Captioned web images:
"""
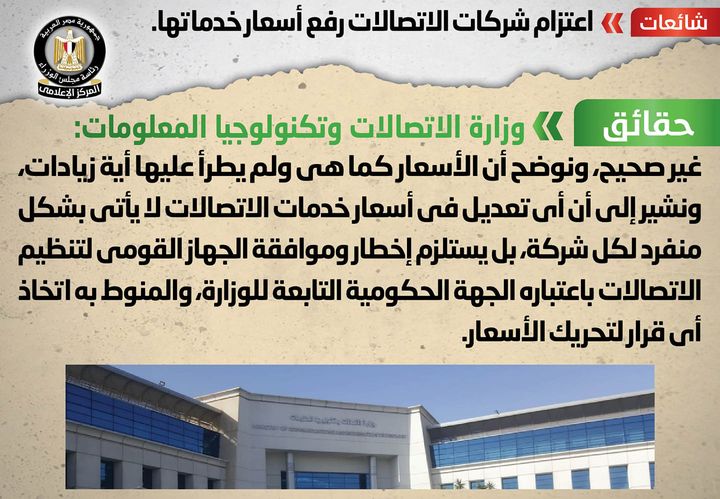 شائعة اعتزام شركات الاتصالات رفع أسعار خدماتها 72373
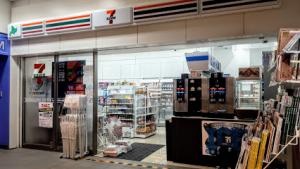 コンビニ　セブンイレブン北海道STJR白石店（コンビニ）まで314m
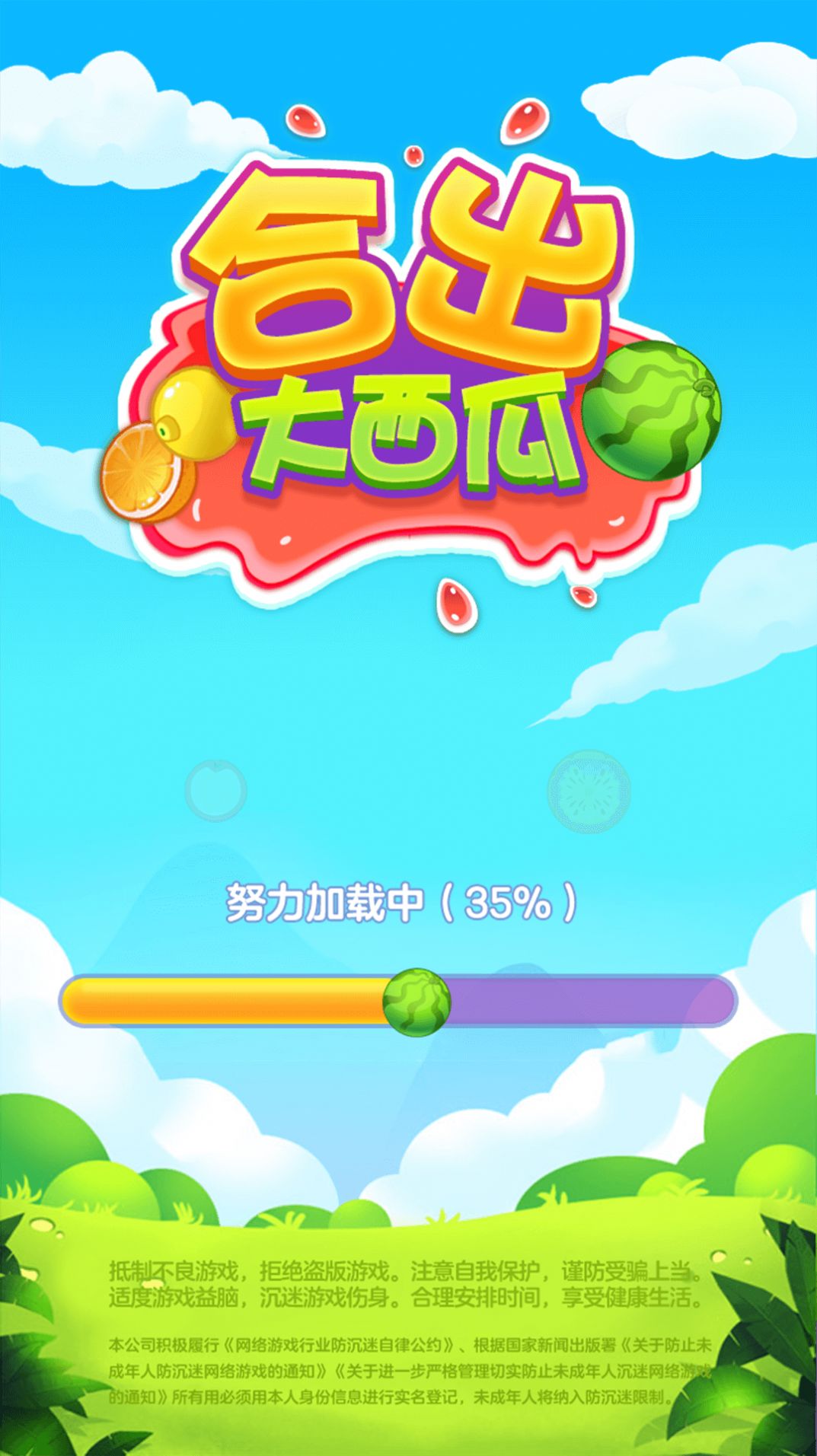 合出大西瓜截图3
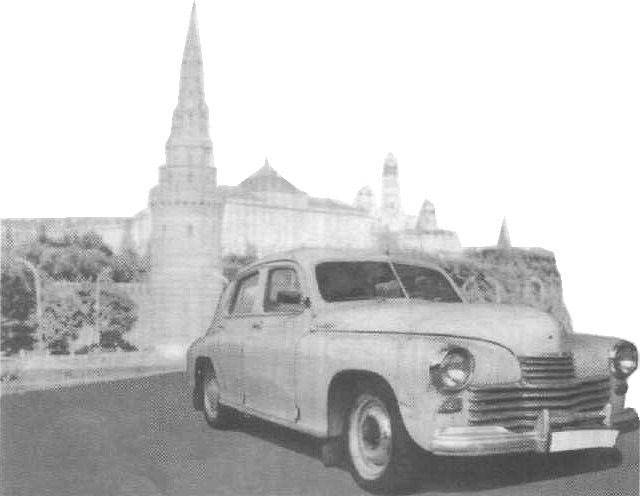 4511676.jpg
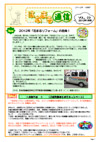 はなまる通信23号.jpg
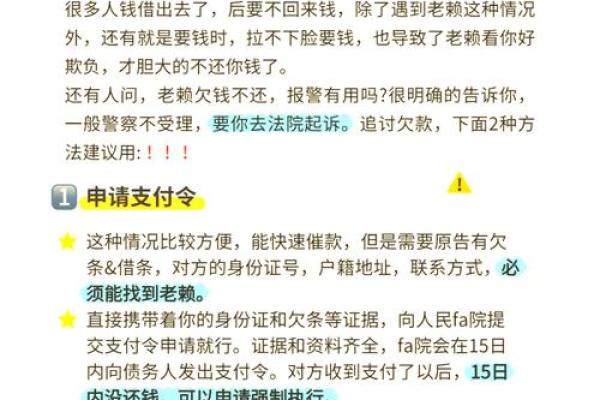 财富-面对老赖们十二星座都是怎么催人还钱的? 财富-面对老赖们十二星座都是怎么催人还钱的?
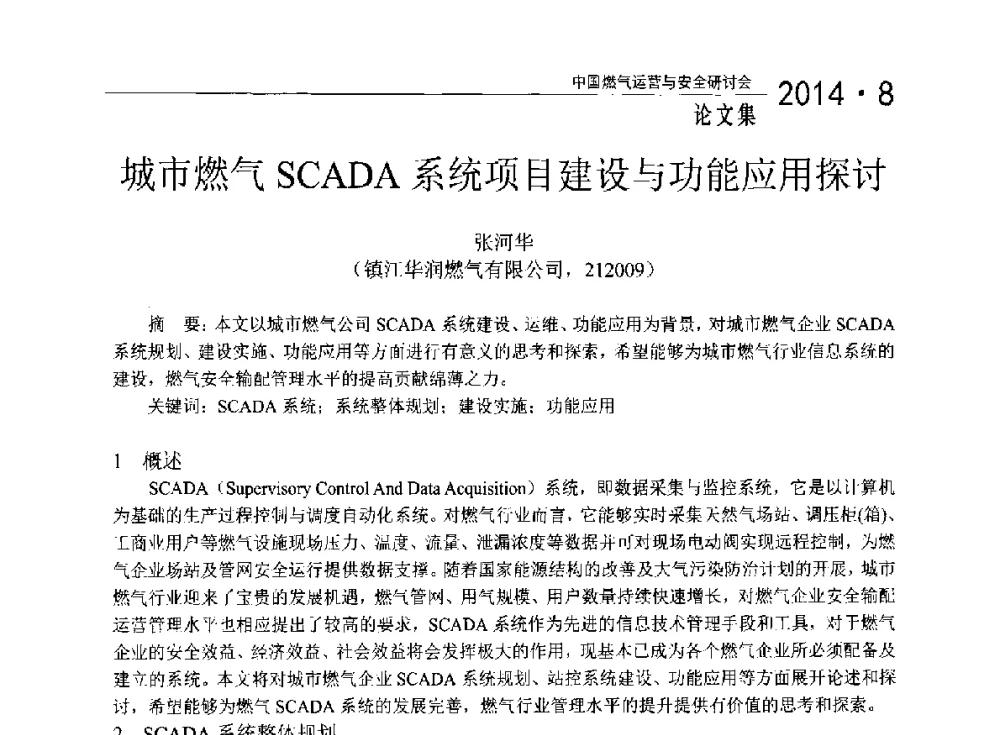 城市燃气SCADA系统项目建设与功能应用探讨 - 2014年中国燃气运营与安全研讨会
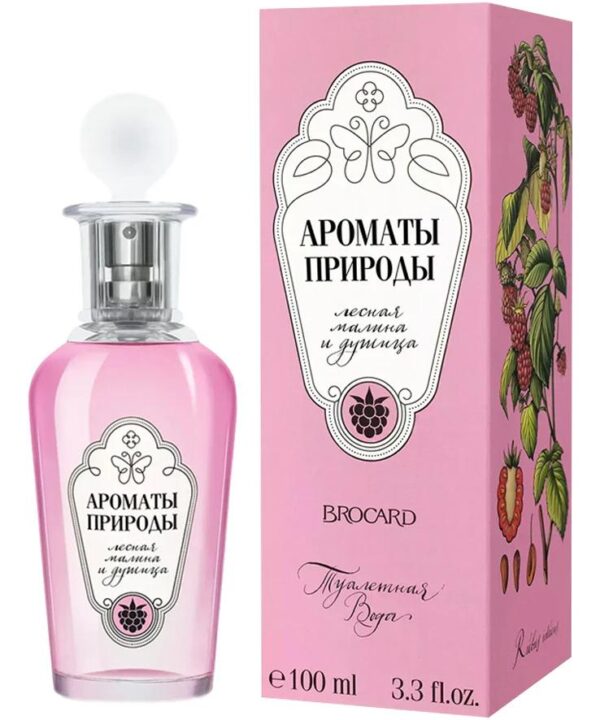 BROCARD Ароматы Природы. Лесная Малина и Душица туалетная вода 100 мл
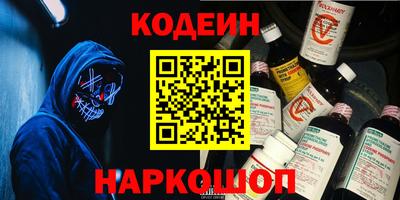 героин Ярцево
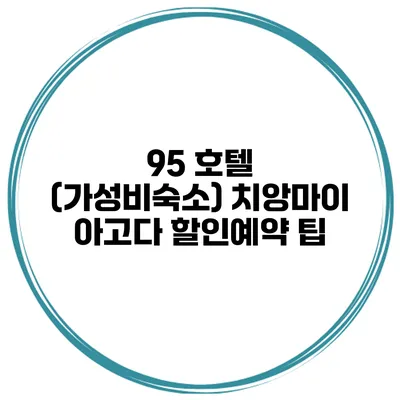 95 호텔 (가성비숙소) 치앙마이 아고다 할인예약 팁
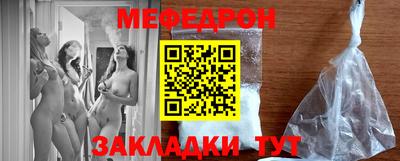 сатива Донецк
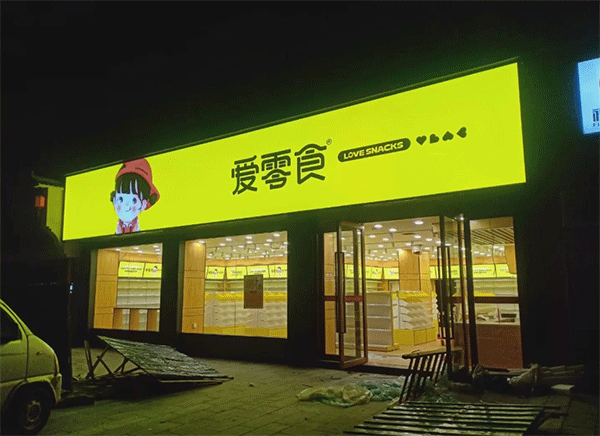 冬季戶外常用的噴繪布有哪些呢？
"""
### WHAT THE TASK ASKS
When you set down the records above, copy every line exactly and exclude the pictures.

### EXERCISE OUTPUT
 شائعة اعتزام شركات الاتصالات رفع أسعار خدماتها 72373
 コンビニ　セブンイレブン北海道STJR白石店（コンビニ）まで314m
 合出大西瓜截图3
 4511676.jpg
 はなまる通信23号.jpg
 财富-面对老赖们十二星座都是怎么催人还钱的? 财富-面对老赖们十二星座都是怎么催人还钱的?
 城市燃气SCADA系统项目建设与功能应用探讨 - 2014年中国燃气运营与安全研讨会
 BROCARD Ароматы Природы. Лесная Малина и Душица туалетная вода 100 мл
 героин Ярцево
 95 호텔 (가성비숙소) 치앙마이 아고다 할인예약 팁
 сатива Донецк
 冬季戶外常用的噴繪布有哪些呢？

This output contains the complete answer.